The problem: Return all entries word for word, but drop any images.

[Records drawn from a dataset]
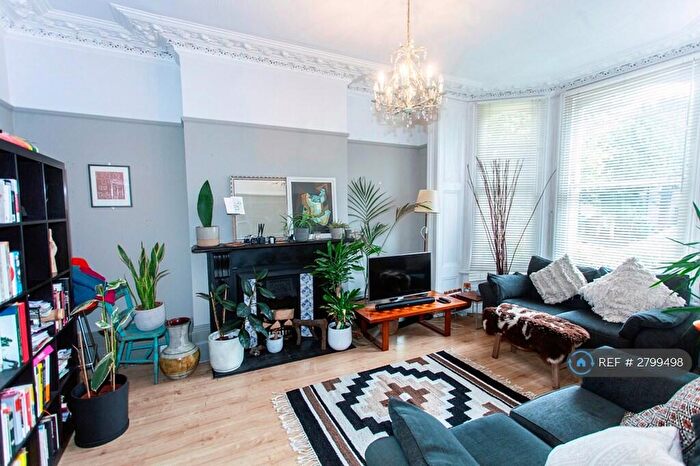 1 Bedroom Flat To Rent In Underhill Road, East Dulwich, SE22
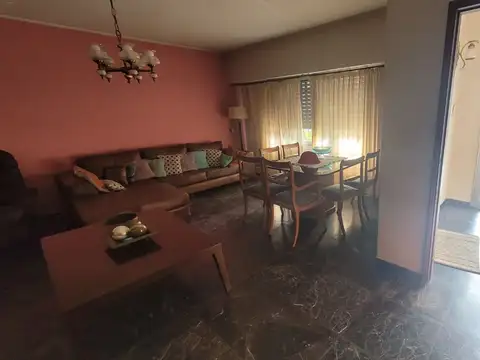 Depto Tipo Casa 8 ambientes con 2 baños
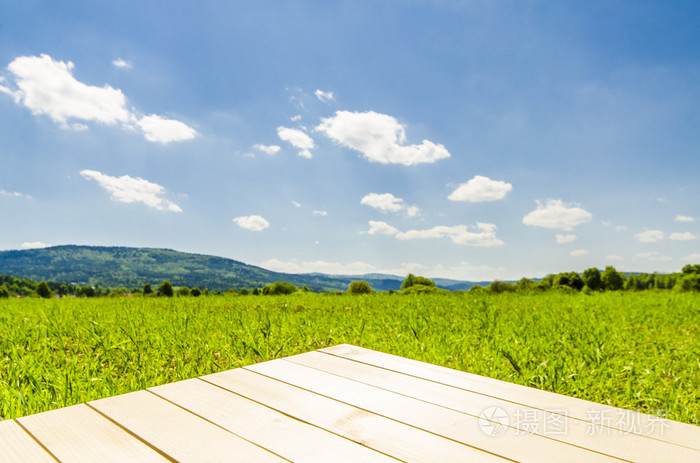空的木桌上风景背景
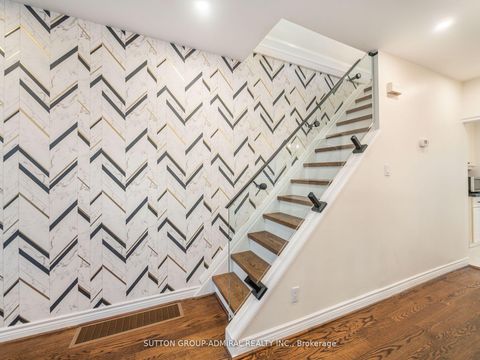 Photo 26 at 389 Davisville Avenue, Mount Pleasant East, Toronto
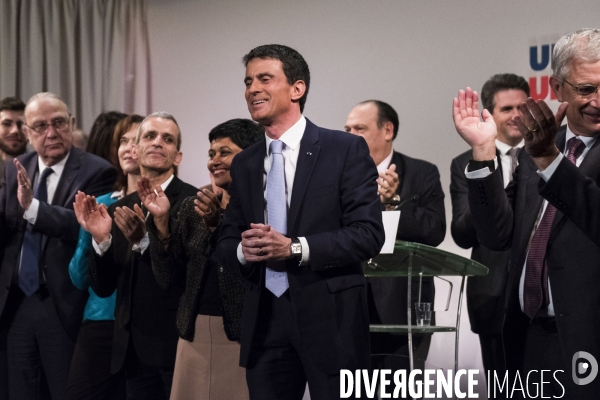 Meeting de M. Valls au Trianon.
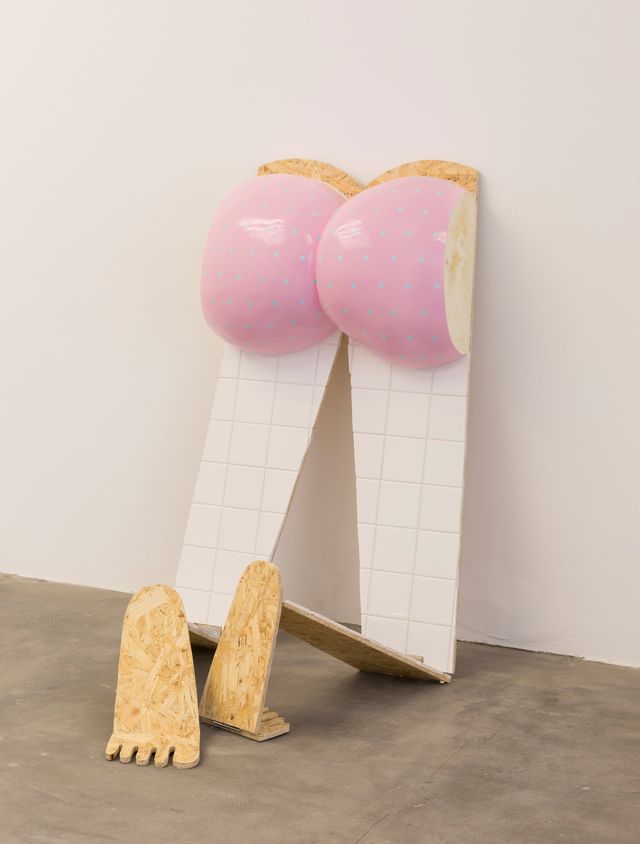 Британські митці зібрали виставку, яка присвячена сідницям: дивіться фото робіт - фото 470229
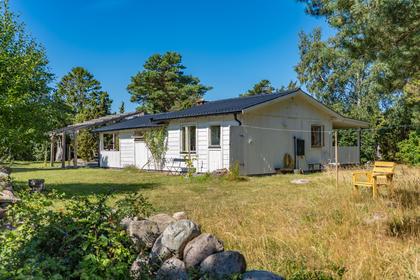 Vialmvägen 75, Östra Greda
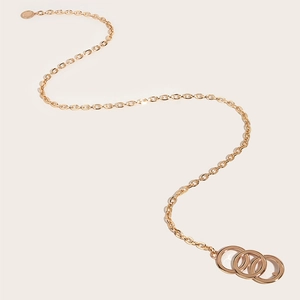 Ceinture chaîne élégante en métal doré avec anneaux polis et pendentif circulaire chic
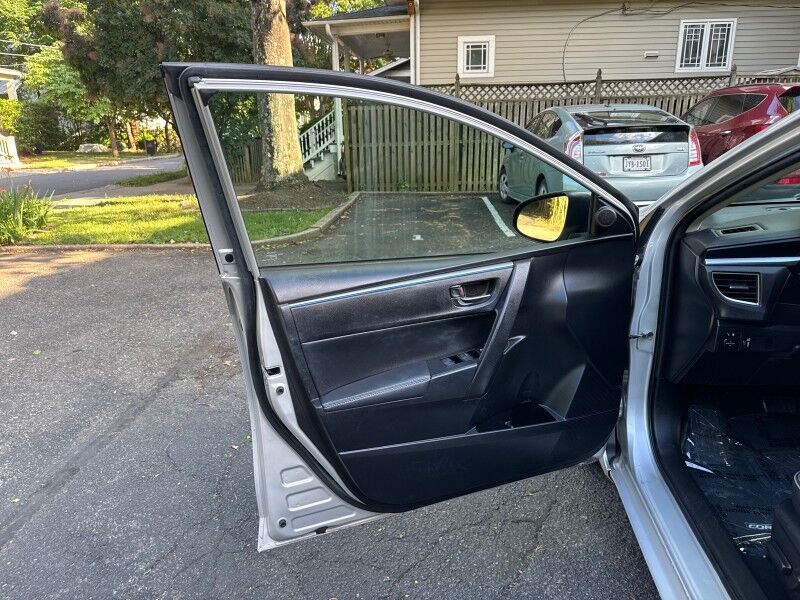 2016 Toyota Corolla 4dr Sdn CVT LE Premium (Natl) Arlington VA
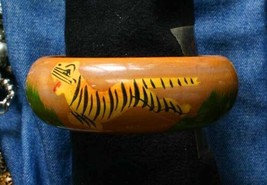 Fabulous Hand Painted Wooden Tiger Bangle Bracelet 1970s vintage - £11.90 GBP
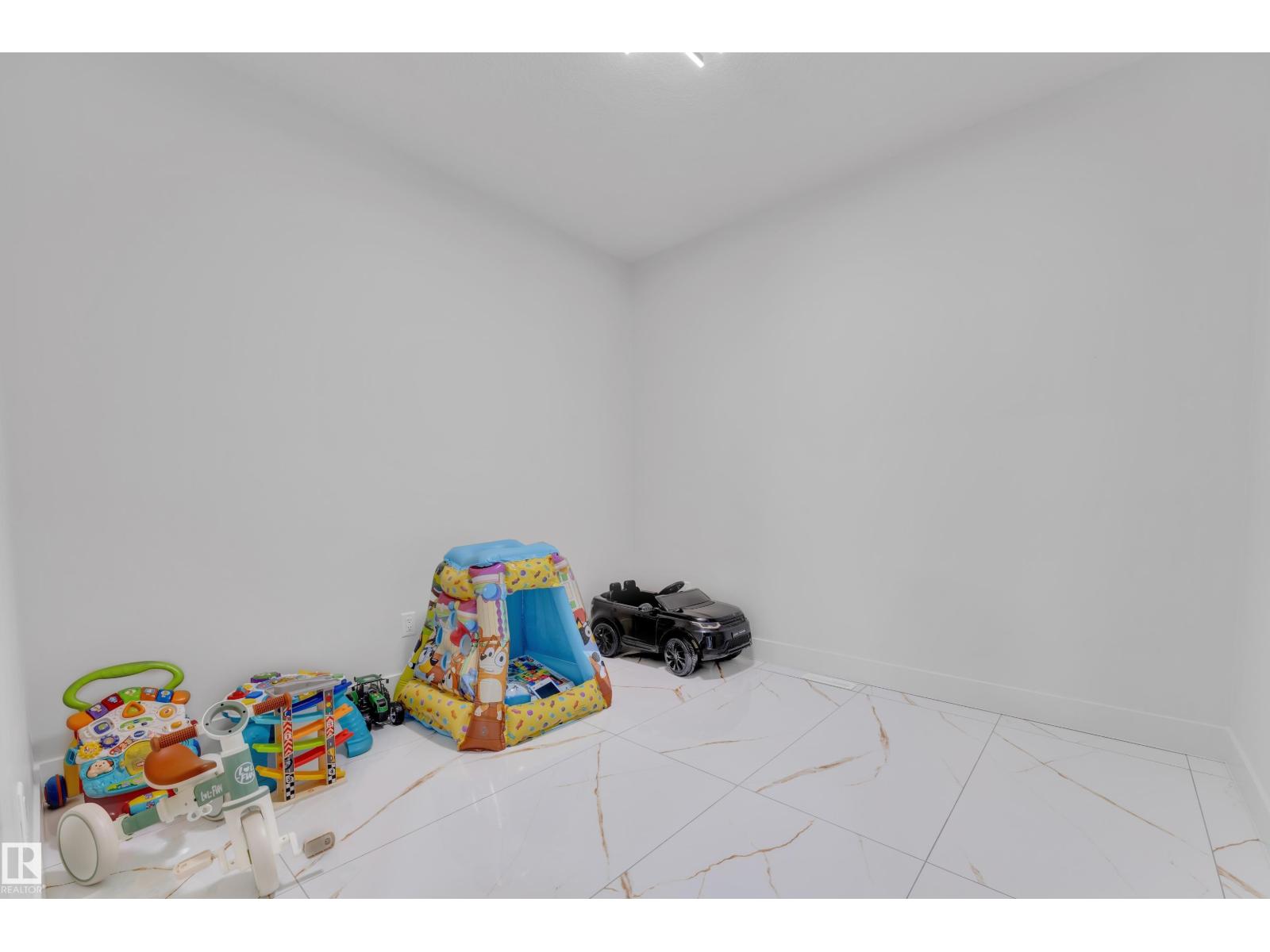 6008 19 ST NE - 11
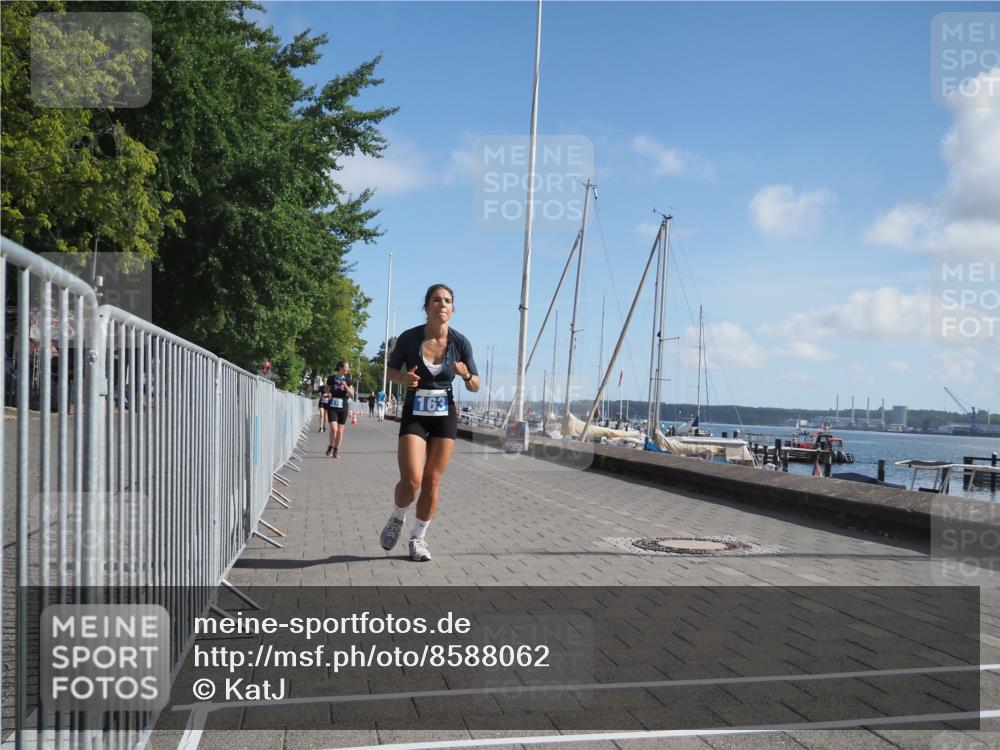 17.08.2025 - KN Förde Triathlon 2025 KatJ http://msf.ph/oto/8588062 17.08.2025 10:38:40 Laufen 163, 176 meine-sportfotos.de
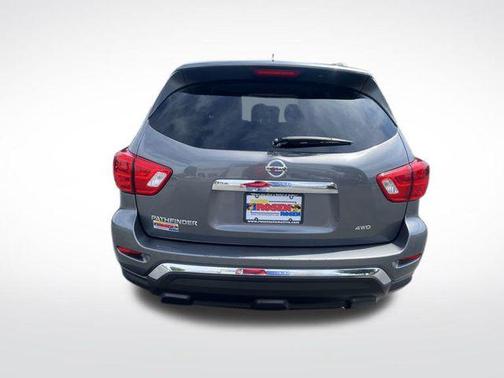 2017 Nissan Pathfinder S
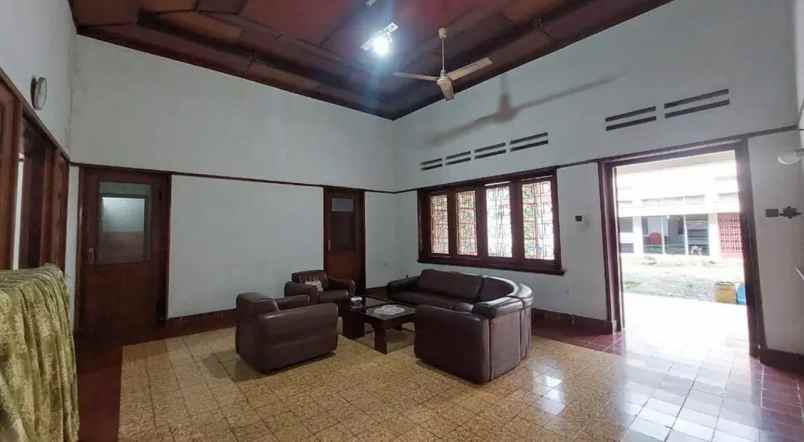 jual rumah tua bagus di jalan ahmad yani kota semarang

Task solution:
 1 Bedroom Flat To Rent In Underhill Road, East Dulwich, SE22
 Depto Tipo Casa 8 ambientes con 2 baños
空的木桌上风景背景
 Photo 26 at 389 Davisville Avenue, Mount Pleasant East, Toronto
 Meeting de M. Valls au Trianon.
 Британські митці зібрали виставку, яка присвячена сідницям: дивіться фото робіт - фото 470229
 Vialmvägen 75, Östra Greda
 Ceinture chaîne élégante en métal doré avec anneaux polis et pendentif circulaire chic
 2016 Toyota Corolla 4dr Sdn CVT LE Premium (Natl) Arlington VA
 Fabulous Hand Painted Wooden Tiger Bangle Bracelet 1970s vintage - £11.90 GBP
 6008 19 ST NE - 11
 17.08.2025 - KN Förde Triathlon 2025 KatJ http://msf.ph/oto/8588062 17.08.2025 10:38:40 Laufen 163, 176 meine-sportfotos.de
 2017 Nissan Pathfinder S
 jual rumah tua bagus di jalan ahmad yani kota semarang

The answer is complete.